Irmhild Rogalla a des années d’expérience dans la numérisation et l’accessibilité pour les personnes handicapées. Le scientifique et auteur de 55 ans travaille au nouvel Institut pour la participation numérique (Institut für Digitale Teilhabe) de l’Université de Brême. Pour son entretien vidéo en ligne avec DW, nous sommes rejoints par un interprète en langue des signes. « Je peux parler », explique le Dr Rogalla, « mais je n’entends rien. » Elle a passé des années à rechercher des moyens de répondre aux besoins des personnes sourdes, développant d’abord des applications pour les téléphones et plus tard pour les vidéoconférences.

Elle dit que la numérisation prend de l’ampleur, mais que des facteurs tels que l’accessibilité pour les personnes handicapées et la protection des données n’ont pas été suffisamment pris en compte.

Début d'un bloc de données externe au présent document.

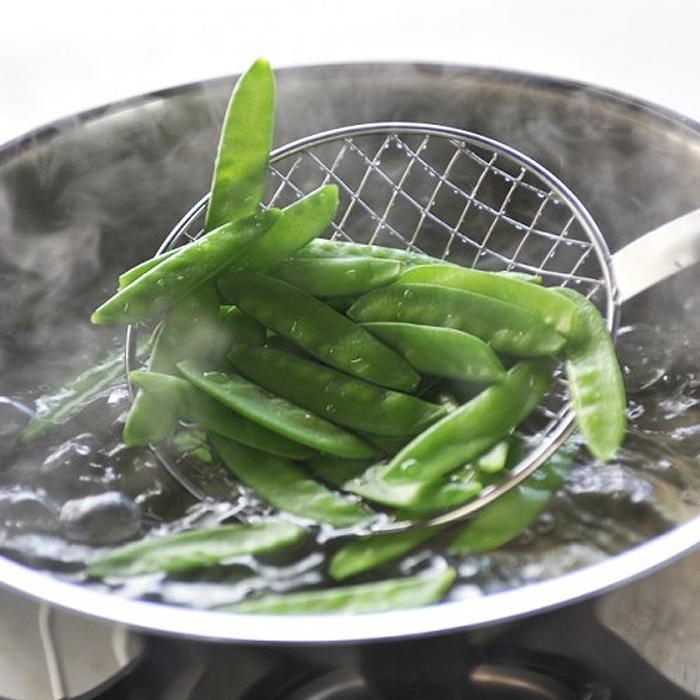 la base ラ・バーゼ 網じゃくし ( LB-034 ) 有元葉子 ラ バーゼ ステンレス 網 しゃくし  キッチンツール | la base | 01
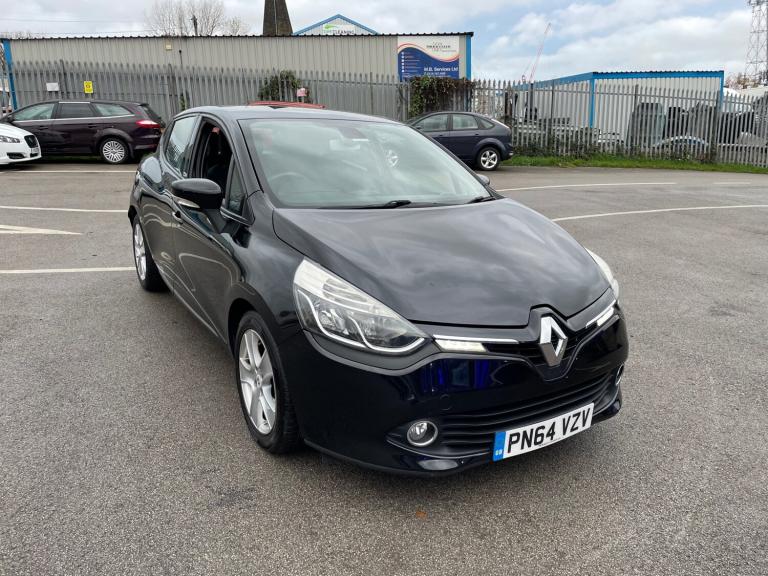2014 Renault Clio 1.2 16V Dynamique MediaNav 5dr HATCHBACK Petrol Manual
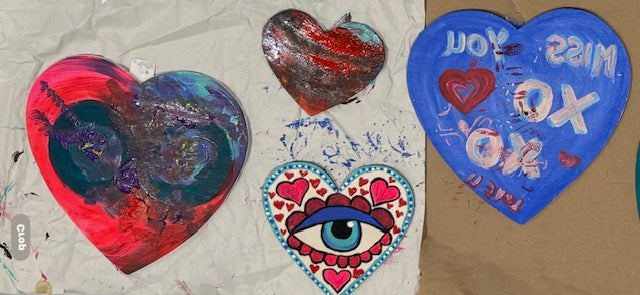 Love ❤️ for Lakefield Create a Heart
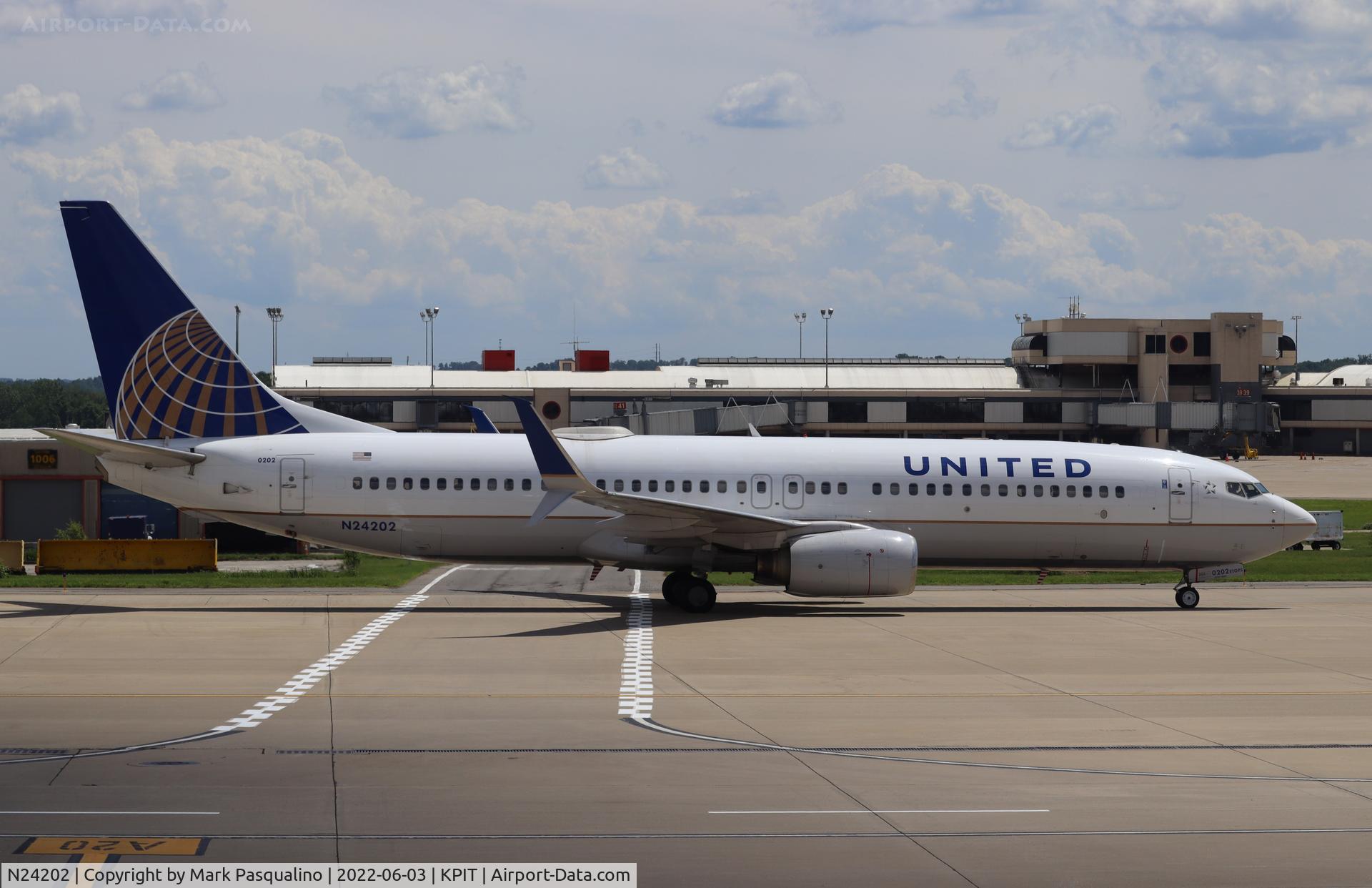 N24202, 2000 Boeing 737-824 C/N 30429, Boeing 737-824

À titre d’exemple, elle cite l’utilisation de l’intelligence artificielle et des voitures autonomes : « Vous verrez que ces merveilleux véhicules n’ont non seulement pas d’espace, ils n’ont pas de rampes pour les utilisateurs de fauteuils roulants et les portes ne restent même pas ouvertes assez longtemps. pour quelqu’un avec une marchette pour entrer. Elle dit que ce n’est pas dû à une intention malveillante – mais la plupart de ces innovations sont développées par de jeunes hommes blancs, pour de jeunes hommes blancs, sans aucune réflexion sur l’inclusion.

Pendant longtemps, Irmhild Rogalla a travaillé à son compte. « Qui emploie quelqu’un comme moi ? » elle demande. Lorsqu’il recrute du personnel, l’Institut pour la participation numérique ne demande aux personnes de postuler que si elles ont un handicap. L’association Hildegardis de Bonn, une organisation œuvrant pour la promotion des études féministes, a organisé une journée de candidature en ligne « 2 inclusivement » pour réunir « des femmes handicapées hautement qualifiées avec des employeurs ».

Le commissaire allemand chargé des questions relatives aux personnes handicapées, Jürgen Dusel, a déclaré qu’un regard au-delà des frontières montre que de nombreux pays ont une longueur d’avance sur l’Allemagne en matière d’inclusion. Il cite les États-Unis comme exemple, où les personnes sourdes peuvent passer des appels téléphoniques gratuits avec l’aide d’interprètes en langue des signes depuis des années.

Cet article a été traduit de l’allemand.